Plusieurs révélations de Mediapart, le site fondé par Plenel, prouveront par la suite le contraire. Mais Pierre Péan martèle son propos en 2014 dans le Figaro : «Je n'ai pas envie de tuer, je ne cherche pas à traîner les gens sur les bancs de la justice, à les faire condamner. Je ne me vois pas comme un bras armé, ce n'est pas ma vocation.» Ce journaliste emblématique a aussi été rattrapé par son tropisme africain, lui qui avait fait sa coopération au Gabon dans son antique jeunesse. Pierre Péan fut l'un des principaux contempteurs de la Françafrique, s'opposant frontalement à Jacques Foccart, figure tout aussi emblématique du gaullisme dévoyé. Au risque de la subjectivité, prenant volontiers parti dans des affaires en cours. Dédouanant le régime libyen dans l'attentat contre le DC10 d'UTA, au grand dam des familles des victimes - un avocat de la partie civile se souvient d'un «personnage, bizarre, insaisissable, dont on ne savait pas quel était le moteur». Et surtout prenant dans son livre Noires Fureurs, Blancs Menteurs (Mille et Une Nuits, 2005) le parti des Hutus contre les Tutsis et en s'acharnant à relativiser le génocide du Rwanda «sans jamais y avoir mis les pieds», s'insurge une consœur.
«Curiosité»
Plus récemment, Péan n’avait pas hésité à prendre le parti de l’opposant Jean Ping contre Ali Bongo lors de la dernière élection présidentielle au Gabon… Subjectivité assumée, le journalisme ne relevant pas d’une science exacte, mais quitte à nuire à la qualité de ses enquêtes au long cours dont il se vantait, par opposition aux médias traditionnels. Pierre Péan a eu le mérite de ratisser large, de s’intéresser à tout, du business du «French doctor» Bernard Kouchner à l’entrisme d’un Alexandre Djouhri, en passant par la guerre du Kosovo ou les vicissitudes de la famille Le Pen. Qui embrasse trop mal étreint, dira-t-on. Pierre Péan a au moins essayé.

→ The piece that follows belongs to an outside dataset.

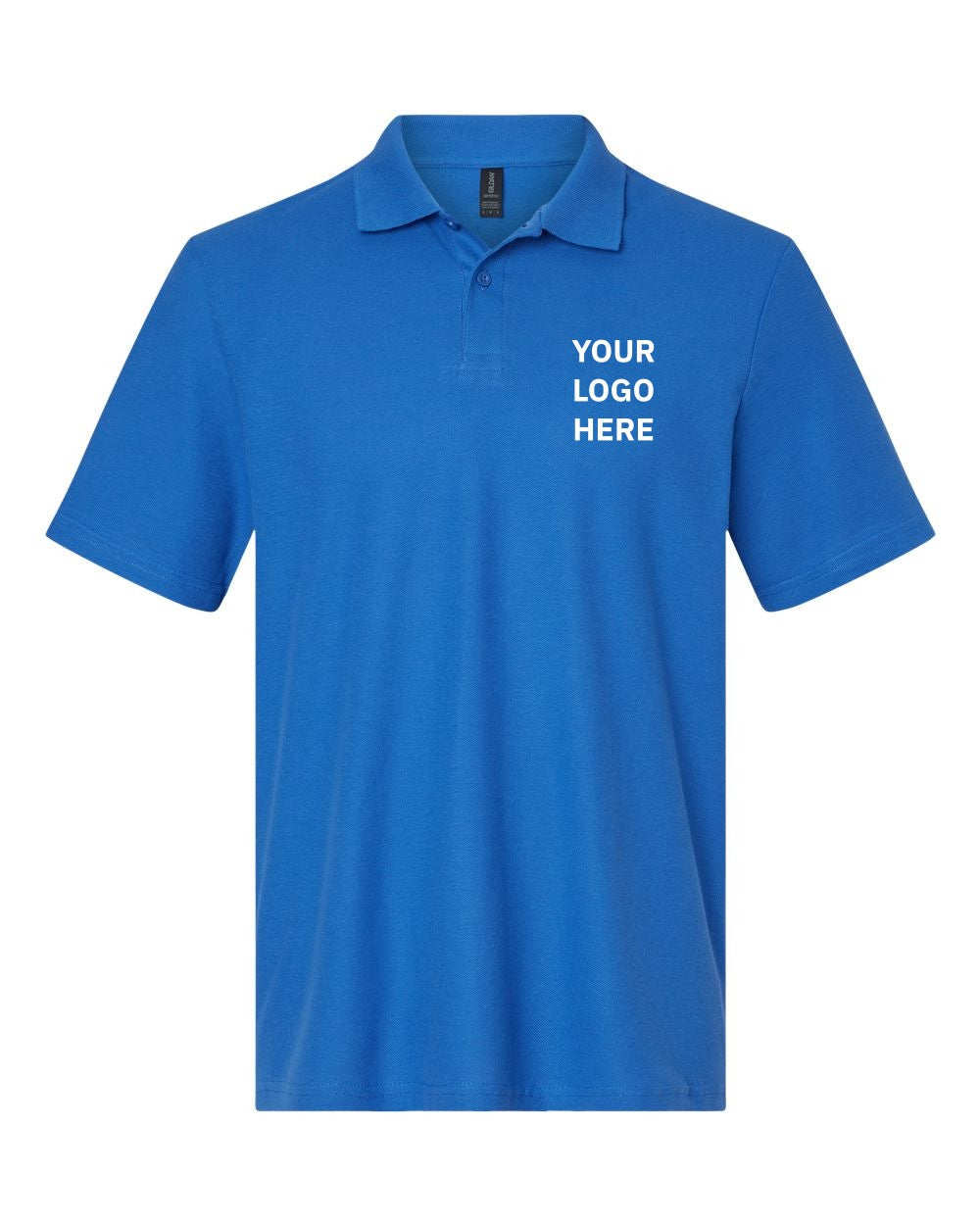 Custom Embroidered Gildan Softstyle Pique Polo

«C'est terrible. Le patron, mon ami, est parti. C'était un géant, le temps long contre l'immédiateté. Sa mort est pour tous les journalistes l'occasion de se regarder en face», a déploré jeudi son ancien coauteur Christophe Nick. Au nom de Reporters sans frontières, Christophe Deloire (ex-journaliste au Parisien) a évoqué une figure du métier «qui aura marqué l'histoire de la presse et de l'édition avec la puissance de sa curiosité et de ses convictions». Au risque de la promiscuité entre les deux.